Recently, curator Jennifer Buchanan and I attended the Gulf States Horticultural Expo in Mobile, Alabama, a trade show that for a plant addict is a “kid in a candy shop” experience, with seemingly endless aisles of wholesale nurseries and green industry products. We had the chance to visit with our native nursery suppliers and to talk with other nursery representatives, such as large-scale nurseries who supply traditional garden centers.

We hear the same question over and over, “Where do we buy native plants?” Despite the popularity of magazine articles urging homeowners to plant natives for their low-maintenance qualities, wildlife benefit, contribution to biodiversity, and their beauty, they are still not easy to locate.

So, at the trade show, I posed the question to some of the larger nurseries – why they didn’t grow more native plants.

Their answer was simple – plants are a product. If they aren’t blooming, they don’t sell. While many of the large growers loved native species and grew them in their yards, they basically had the same answer – if it’s green 11 months out of the year, it won’t sell at the garden center.

The bottom line is that native plants will probably continue to be available largely at “mom and pop”, specialty nurseries. And that’s fine, if you know where to find them! Few exist in our region, and are usually a bit of a drive.

With recent renovations to our greenhouse irrigation system, we’re excited for the opportunity to be growing more of our own plants, and to fill this need. Our Native Pollinator Plant Sale is planned for Friday and Saturday, May 31 and June 1, featuring plants we are propagated.

Don’t overlook other ways to get your own native plants through propagation! Many species are easy to grow from seed or cuttings, and there are excellent books available to help you.

As I overhear the species being discussed for our order list, I think about how fortunate people are in Pearl River County. Many of them live on ample parcels of land, allowing them room for planting whatever they wish.

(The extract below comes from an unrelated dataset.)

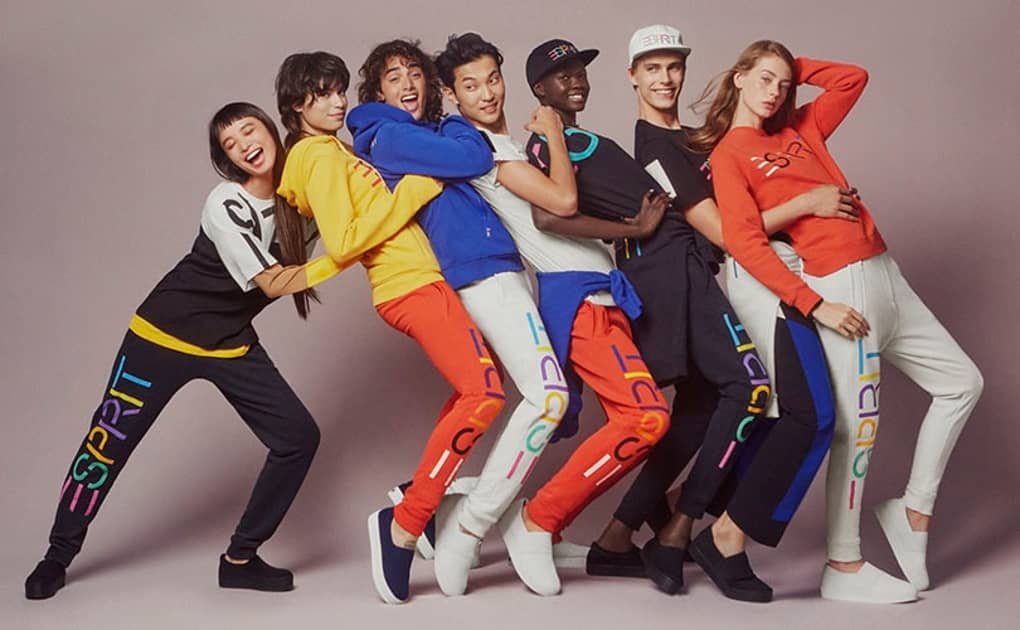 In Picture: Back to the '90s with Esprit by Opening Ceremony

When I worked with Mississippi landscape contractors on the gulf coast before coming to the Arboretum, our residential design clients typically lived in subdivisions. Their small yards, and often, neighborhood design standards, gave them little room for creativity or for planting anything more than dwarf and compact versions of the usual trees and shrubs.  When we had a homeowner with a larger property, it was very exciting because of the opportunities for using canopy trees, old-fashioned garden shrubs, and generally, plants that could be allowed to grow and mature without the need for labor-intensive pruning to keep them “groomed”.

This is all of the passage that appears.